Home Illumina Launches SpliceAI, an Open-Source AI Tool for Interpreting Non-Coding Mutations in Rare and Undiagnosed Diseases

Illumina Launches SpliceAI, an Open-Source AI Tool for Interpreting Non-Coding Mutations in Rare and Undiagnosed Diseases

Jan 29, 2019 00:00 CST Updated 00:00
Illumina

Diagnostic Product Developer



SpliceAI Can Interpret Non-Coding Mutations in Rare and Undiagnosed Diseases


Illumina, Inc. recently announced the launch of new open-source artificial intelligence (AI) software capable of identifying previously overlooked non-coding mutations in patients with rare genetic diseases. This novel genome interpretation AI software has been publicly released via Illumina’s BaseSpace Sequence Hub and GitHub. Additionally, these AI capabilities will be integrated into Illumina’s advanced BaseSpace Variant Interpreter software.


Illumina Chief Technology Officer Mostafa Ronaghi stated, “The open-source release of the software demonstrates Illumina’s commitment not only to becoming the world’s largest driver of DNA sequencing data, but also to vigorously promoting AI tools that enable clinicians and researchers to keep pace with the depth and breadth of genomic data.”

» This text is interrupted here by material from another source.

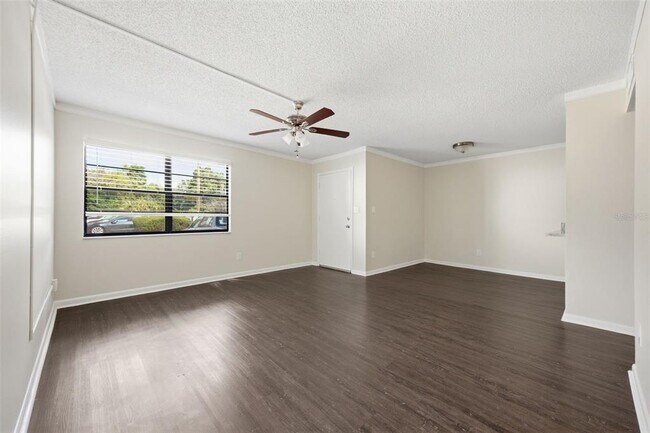 Building Photo - 3102 W Horatio St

The Illumina team, in collaboration with partners at the University of California, San Francisco, and Stanford University, jointly developed SpliceAI, an advanced deep neural network designed to identify previously overlooked non-coding mutations in patients with autism spectrum disorder and intellectual disability. The team utilized RNA sequencing to detect aberrant splicing events in patient cells and experimentally validated 75% of the predictions. The findings were published in the journal Cell on January 17.



About the Study


Advances in machine learning and artificial intelligence can help us uncover novel biological insights from next-generation sequencing (NGS) data that were previously untapped. A study published in Cell, led by Dr. Kyle Farh of Illumina, utilized deep neural networks to highly accurately predict the locations of splicing events within the genome. Subsequently, the researchers employed their model to predict mutations capable of altering splicing, including those identified in NGS data. In patients with neurodevelopmental disorders or other rare genetic diseases, approximately 10% of pathogenic mutations may include non-coding variants that disrupt splicing, leading to the loss of essential proteins.

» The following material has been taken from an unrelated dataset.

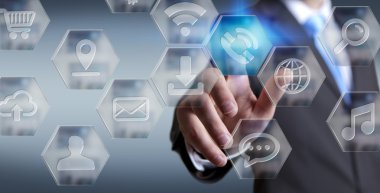 Modern dijital uygulamalar arabirimini kullanarak iş adamı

“Protein-coding sequences account for less than 2% of human DNA, listing the components required to produce thousands of proteins,” said Dr. Stephan Sanders, BMBS, a leading autism researcher at the University of California, San Francisco and co-author of the paper. “DNA mutations in these regions can disrupt proteins, often causing human diseases. The remaining 98% is non-coding DNA, which contains key information on when, where, and how these proteins are expressed. In contrast to coding regions, we know little about the impact of non-coding mutations on human disease; we are only just beginning to understand how they affect human health and disease.”


This study leverages NGS data to present a novel framework by which Apple AI derives actionable insights in biology and disease. This advances our understanding of the clinical impact of mutations, particularly those in the non-coding genome.